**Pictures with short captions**

□ □ □

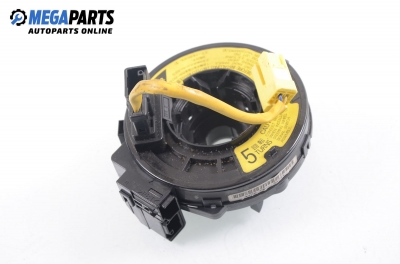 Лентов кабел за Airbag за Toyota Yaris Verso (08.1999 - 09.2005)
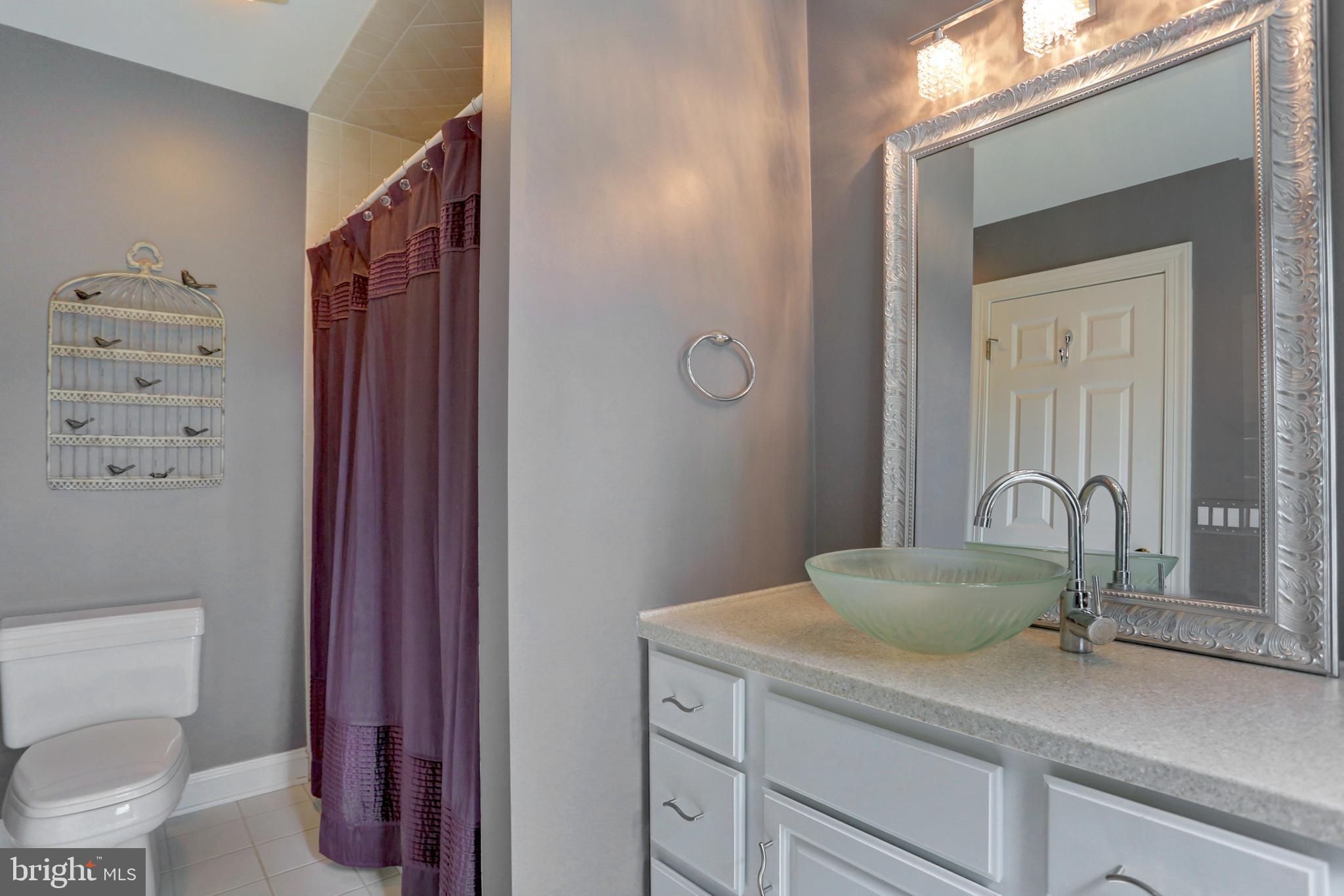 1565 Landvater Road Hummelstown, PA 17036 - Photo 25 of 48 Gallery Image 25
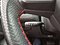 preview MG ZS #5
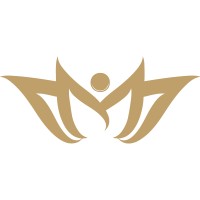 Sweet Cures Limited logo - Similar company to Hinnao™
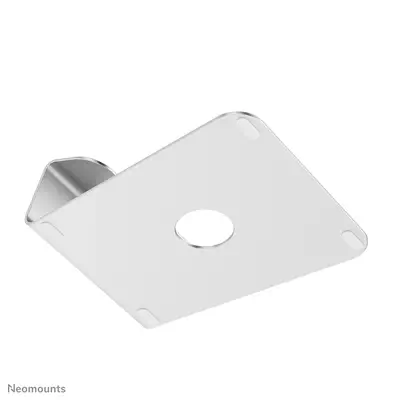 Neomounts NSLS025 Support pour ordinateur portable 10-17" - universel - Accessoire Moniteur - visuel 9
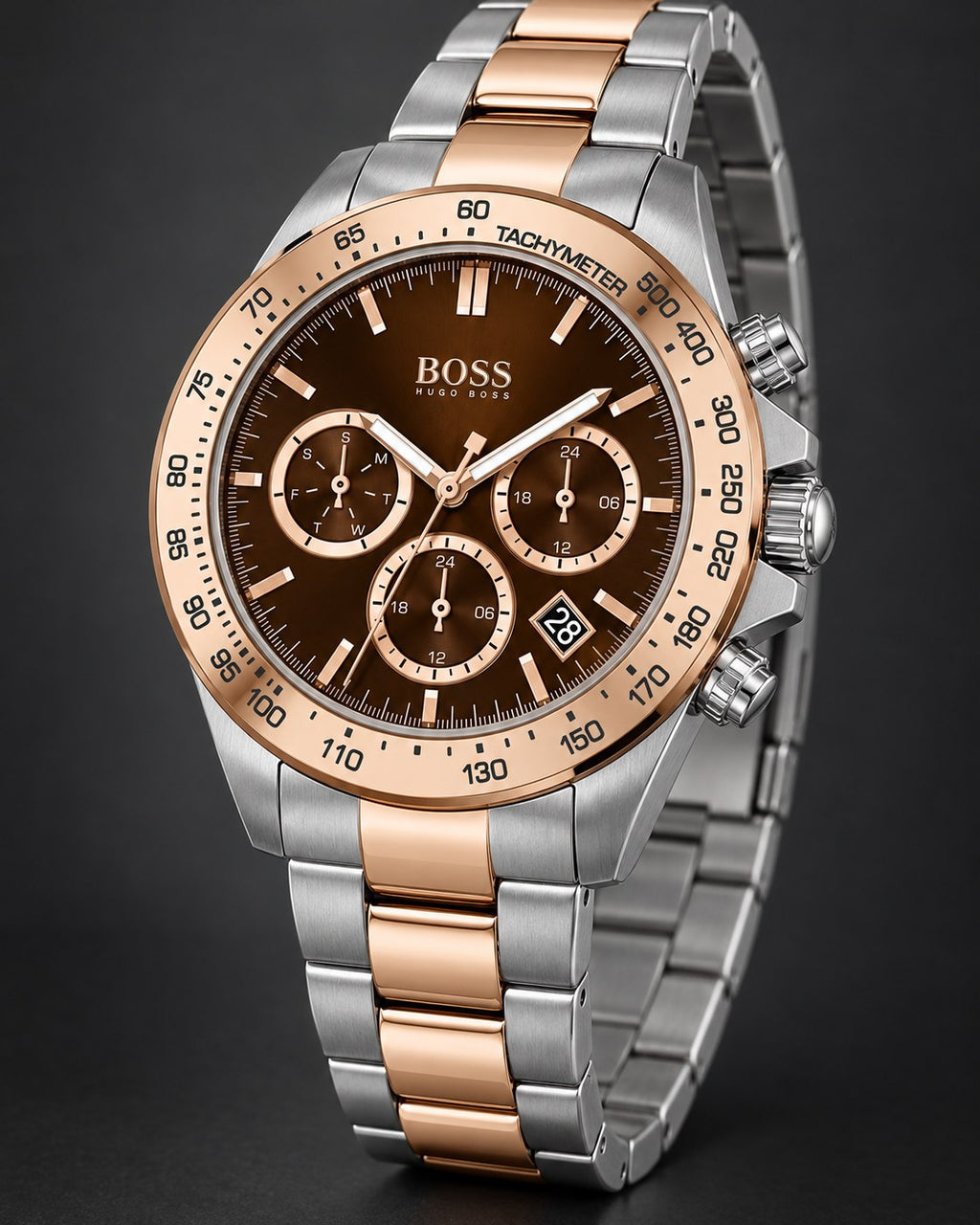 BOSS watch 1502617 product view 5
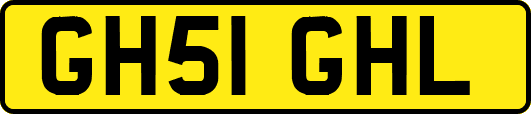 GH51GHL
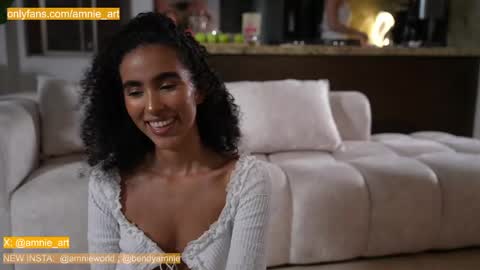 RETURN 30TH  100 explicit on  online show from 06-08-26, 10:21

□ □ □

**ASSIGNMENT**
Your task is to repeat exactly the lines from the beginning of the data to the line that contains "Sweet Cures Limited", both ends included, leaving out pictures.

**TASK RESPONSE**
 Лентов кабел за Airbag за Toyota Yaris Verso (08.1999 - 09.2005)
 1565 Landvater Road Hummelstown, PA 17036 - Photo 25 of 48 Gallery Image 25
 preview MG ZS #5
 Sweet Cures Limited logo - Similar company to Hinnao™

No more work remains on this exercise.